--- RECORDS SHOWN Enclosed Below ---

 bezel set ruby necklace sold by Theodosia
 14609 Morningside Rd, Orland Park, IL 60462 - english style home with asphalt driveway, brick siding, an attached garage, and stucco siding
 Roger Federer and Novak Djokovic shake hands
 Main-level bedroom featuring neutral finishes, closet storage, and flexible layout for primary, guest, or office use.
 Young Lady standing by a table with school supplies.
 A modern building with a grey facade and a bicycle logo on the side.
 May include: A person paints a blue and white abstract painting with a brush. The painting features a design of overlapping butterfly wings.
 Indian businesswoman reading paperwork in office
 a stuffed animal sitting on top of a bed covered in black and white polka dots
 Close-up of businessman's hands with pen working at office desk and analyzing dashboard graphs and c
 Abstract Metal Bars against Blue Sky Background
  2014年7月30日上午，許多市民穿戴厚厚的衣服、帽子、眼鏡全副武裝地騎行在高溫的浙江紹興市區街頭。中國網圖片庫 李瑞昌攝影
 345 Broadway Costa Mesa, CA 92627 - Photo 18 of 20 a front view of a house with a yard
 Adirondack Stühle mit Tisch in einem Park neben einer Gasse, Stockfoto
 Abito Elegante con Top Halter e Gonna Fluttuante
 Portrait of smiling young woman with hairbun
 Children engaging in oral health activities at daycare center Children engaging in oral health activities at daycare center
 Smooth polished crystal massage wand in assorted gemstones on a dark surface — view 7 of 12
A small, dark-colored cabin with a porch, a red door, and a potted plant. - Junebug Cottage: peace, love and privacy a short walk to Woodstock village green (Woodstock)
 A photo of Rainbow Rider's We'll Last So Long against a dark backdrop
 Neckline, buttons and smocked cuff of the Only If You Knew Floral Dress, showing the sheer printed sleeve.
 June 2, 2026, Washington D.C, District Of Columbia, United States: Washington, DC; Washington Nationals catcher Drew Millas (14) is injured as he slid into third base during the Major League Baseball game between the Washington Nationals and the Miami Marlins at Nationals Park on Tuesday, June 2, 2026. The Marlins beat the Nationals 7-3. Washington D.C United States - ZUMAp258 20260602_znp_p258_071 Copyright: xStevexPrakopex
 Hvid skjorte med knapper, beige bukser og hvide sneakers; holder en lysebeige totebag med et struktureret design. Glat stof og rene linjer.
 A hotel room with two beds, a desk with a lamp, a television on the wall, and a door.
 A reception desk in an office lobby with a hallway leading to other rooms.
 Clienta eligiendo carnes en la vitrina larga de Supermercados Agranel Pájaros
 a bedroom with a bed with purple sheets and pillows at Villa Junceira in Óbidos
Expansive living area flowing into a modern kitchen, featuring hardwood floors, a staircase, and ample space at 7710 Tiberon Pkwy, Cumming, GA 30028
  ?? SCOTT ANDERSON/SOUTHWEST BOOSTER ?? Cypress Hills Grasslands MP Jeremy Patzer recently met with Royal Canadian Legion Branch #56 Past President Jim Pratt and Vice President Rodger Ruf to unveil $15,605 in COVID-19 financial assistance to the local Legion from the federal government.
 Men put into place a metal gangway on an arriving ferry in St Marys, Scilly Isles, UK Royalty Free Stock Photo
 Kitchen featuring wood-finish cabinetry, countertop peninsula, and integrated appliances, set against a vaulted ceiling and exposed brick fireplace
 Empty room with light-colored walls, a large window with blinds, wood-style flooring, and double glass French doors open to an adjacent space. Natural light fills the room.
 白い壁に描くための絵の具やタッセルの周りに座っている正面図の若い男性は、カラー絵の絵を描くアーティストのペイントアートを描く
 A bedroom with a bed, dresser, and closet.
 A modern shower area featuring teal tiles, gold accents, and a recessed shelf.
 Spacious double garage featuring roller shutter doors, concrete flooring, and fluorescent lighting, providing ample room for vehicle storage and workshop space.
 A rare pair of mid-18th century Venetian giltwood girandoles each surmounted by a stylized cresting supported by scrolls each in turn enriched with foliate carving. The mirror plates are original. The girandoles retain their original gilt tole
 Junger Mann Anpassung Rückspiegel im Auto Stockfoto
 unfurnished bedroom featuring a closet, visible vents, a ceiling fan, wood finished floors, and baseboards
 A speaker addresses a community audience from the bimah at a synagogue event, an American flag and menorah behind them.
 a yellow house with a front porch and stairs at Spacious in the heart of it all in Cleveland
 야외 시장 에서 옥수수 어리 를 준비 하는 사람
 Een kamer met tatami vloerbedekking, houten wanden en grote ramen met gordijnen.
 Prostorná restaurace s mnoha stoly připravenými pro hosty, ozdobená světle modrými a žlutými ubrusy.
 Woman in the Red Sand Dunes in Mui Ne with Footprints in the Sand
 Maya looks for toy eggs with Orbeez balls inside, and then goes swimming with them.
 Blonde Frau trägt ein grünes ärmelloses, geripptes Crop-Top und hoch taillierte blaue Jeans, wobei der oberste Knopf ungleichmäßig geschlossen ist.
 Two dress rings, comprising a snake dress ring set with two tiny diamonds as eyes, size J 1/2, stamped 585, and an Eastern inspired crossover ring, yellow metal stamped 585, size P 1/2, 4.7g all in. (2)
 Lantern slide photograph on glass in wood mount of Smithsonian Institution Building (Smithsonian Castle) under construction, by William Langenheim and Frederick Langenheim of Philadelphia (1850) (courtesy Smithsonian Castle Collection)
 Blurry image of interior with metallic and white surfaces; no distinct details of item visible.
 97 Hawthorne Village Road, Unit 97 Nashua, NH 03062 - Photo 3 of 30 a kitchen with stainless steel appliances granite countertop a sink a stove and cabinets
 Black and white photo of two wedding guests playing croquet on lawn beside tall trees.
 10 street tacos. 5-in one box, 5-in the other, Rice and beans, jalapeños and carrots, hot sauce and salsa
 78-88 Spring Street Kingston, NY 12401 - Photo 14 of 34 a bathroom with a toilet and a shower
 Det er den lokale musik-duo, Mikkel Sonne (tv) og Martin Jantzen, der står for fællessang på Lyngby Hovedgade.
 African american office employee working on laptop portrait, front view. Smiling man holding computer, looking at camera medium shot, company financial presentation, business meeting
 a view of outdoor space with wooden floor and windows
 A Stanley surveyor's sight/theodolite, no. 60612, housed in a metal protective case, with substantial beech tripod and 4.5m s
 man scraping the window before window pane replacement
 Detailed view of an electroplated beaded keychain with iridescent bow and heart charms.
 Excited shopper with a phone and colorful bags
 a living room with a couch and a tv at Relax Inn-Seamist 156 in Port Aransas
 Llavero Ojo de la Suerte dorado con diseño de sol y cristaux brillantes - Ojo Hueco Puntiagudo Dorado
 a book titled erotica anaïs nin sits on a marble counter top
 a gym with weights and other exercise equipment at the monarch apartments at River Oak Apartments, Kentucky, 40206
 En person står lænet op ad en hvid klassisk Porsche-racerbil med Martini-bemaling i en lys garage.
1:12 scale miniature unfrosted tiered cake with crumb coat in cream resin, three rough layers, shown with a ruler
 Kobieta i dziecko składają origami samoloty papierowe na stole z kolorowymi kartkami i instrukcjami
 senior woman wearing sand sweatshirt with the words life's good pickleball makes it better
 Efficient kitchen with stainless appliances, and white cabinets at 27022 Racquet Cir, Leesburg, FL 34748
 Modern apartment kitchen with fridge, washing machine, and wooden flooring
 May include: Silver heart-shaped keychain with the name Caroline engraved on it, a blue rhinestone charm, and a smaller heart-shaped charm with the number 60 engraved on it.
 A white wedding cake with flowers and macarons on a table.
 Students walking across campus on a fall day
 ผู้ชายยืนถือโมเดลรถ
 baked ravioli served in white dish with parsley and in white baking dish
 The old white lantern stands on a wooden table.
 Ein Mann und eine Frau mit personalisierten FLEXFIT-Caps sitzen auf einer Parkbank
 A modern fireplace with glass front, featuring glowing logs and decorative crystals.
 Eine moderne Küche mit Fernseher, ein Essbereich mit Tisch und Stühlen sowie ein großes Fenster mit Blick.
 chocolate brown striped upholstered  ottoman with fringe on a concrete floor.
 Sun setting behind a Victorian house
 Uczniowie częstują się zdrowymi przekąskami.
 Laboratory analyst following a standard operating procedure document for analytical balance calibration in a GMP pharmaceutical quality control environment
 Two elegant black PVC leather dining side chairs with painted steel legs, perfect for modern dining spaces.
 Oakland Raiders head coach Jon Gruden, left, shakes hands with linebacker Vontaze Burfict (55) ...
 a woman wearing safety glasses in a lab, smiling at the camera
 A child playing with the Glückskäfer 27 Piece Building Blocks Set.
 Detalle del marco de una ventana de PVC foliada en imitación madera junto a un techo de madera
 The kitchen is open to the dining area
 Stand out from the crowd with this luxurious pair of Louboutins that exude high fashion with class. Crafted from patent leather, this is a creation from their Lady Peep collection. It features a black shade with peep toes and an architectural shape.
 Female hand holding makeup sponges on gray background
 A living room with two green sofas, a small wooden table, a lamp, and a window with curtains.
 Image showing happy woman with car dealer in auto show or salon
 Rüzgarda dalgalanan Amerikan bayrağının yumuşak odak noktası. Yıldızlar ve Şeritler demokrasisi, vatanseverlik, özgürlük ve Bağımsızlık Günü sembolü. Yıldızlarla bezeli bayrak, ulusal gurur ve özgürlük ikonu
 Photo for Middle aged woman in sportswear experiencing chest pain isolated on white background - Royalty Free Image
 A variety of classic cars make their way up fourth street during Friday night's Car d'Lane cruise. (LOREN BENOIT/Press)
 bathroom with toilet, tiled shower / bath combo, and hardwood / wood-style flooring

--- End of Enclosed RECORDS SHOWN ---

EXERCISE PROMPT - When you answer, output each line of the data exactly as given, from its first line up to and including the one with "Young Lady standing".

SOLUTION -
 bezel set ruby necklace sold by Theodosia
 14609 Morningside Rd, Orland Park, IL 60462 - english style home with asphalt driveway, brick siding, an attached garage, and stucco siding
 Roger Federer and Novak Djokovic shake hands
 Main-level bedroom featuring neutral finishes, closet storage, and flexible layout for primary, guest, or office use.
 Young Lady standing by a table with school supplies.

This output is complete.